Lola
- Editor: Catherine Osborne
- Art director: Sally McKay
- Editor at large: Scott Anderson
- Production manager: Roberta McNaughton
- Web designer: Roberta McNaughton
- Advertising representative: Rachel Yeager
- Categories: Visual arts
- Frequency: Biannual
- Circulation: 1,000
- Publisher: Sharon Salson Gregg
- Founder: Sally McKay John Massier Catherine Osborne
- Founded: 1997; 29 years ago
- Final issue Number: July 29, 2003; 22 years ago 16
- Company: Lola Ltd.
- Country: Canada
- Based in: Toronto
- Language: English
- Website: lolamagazine.com

= Lola (magazine) =

Toronto visual arts publication

Lola magazine was a Toronto visual arts publication that ran for seven years between 1997 and 2003.

==Description==
Lola was launched by artist/writer Sally McKay, curator John Massier and arts writer and editor Catherine Osborne. Their aim was to reinvigorate the city's visual arts scene by creating an open forum for writers, artists and the general public to comment and critique exhibitions and art events within the city. The most popular section of the magazine was a review section called Shotguns, where everyone was invited to write a review of a recent exhibition or event. Hundreds of writers and "non-writers" contributed to the section, creating a vibrant forum for discussion and commentary. What set Lola apart from other contemporary art magazines was its open dislike for art jargon and intellectualization. Writers were encouraged to be frank, honest, open and clear in their opinions and ideas.

Distributed for free at galleries in Toronto and sold on newsstands throughout Canada, Lola was considered a hybrid between a magazine and a zine (however, all its revenue was generated through advertising and subscriptions, distinguishing it from most zines, which generally have no source of revenue). Unlike most arts magazine in Canada, which rely almost exclusively on government funding, Lola received very little government support. In its seven years, Lola received one grant from the Canadian Government to support its growth in newsstand sales and subscriptions.

After the second issue was published in 1998, John Massier left the magazine. Catherine Osborne became the editor and Sally McKay became art director, though both played an equal role in the development of the editorial content. Production of the magazine took place mostly at McKay's second-floor apartment in Parkdale, with editorial meetings held once a week at Lakeview Diner, a popular greasy spoon on Dundas Street in Toronto. Initially, Lola was published twice a year. In its final year, the magazine was published quarterly.

Despite the magazine's grassroots origins, the founders were keen to turn the magazine into a profitable and financially viable magazine. In 2002, Sharon Salson (who later became Sharon Gregg) joined the staff as publisher and advertising director. With the new role, Lola's founders hoped to secure a financial investor in order to transform the magazine into a paid publication that would attract more advertisers and readers. No financial backer was found, which led to the magazine's demise after the release of Issue 16 in September 2003.

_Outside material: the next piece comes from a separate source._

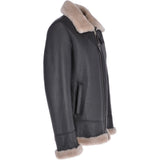 Mens Luxury Shearling Flying Jacket Black/cream: MP 34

During its run, Lola was frequently covered by the press, with articles appearing The Globe and Mail, Toronto Star, NOW, Shift, CBC among many others.

== Awards ==
Lola was nominated magazine of the year by the National Magazine Awards Foundation in 2001 and 2002. In 2000 Lola received Honourable Mention in the category "Magazine of the Year" at the Canadian National Magazine Awards. In 2001 Gerald Hannon won the silver award in the "Arts & Entertainment" category at the Canadian National Magazine Awards for his article Monk-y Business for Lola magazine, volume 10, Fall 2001.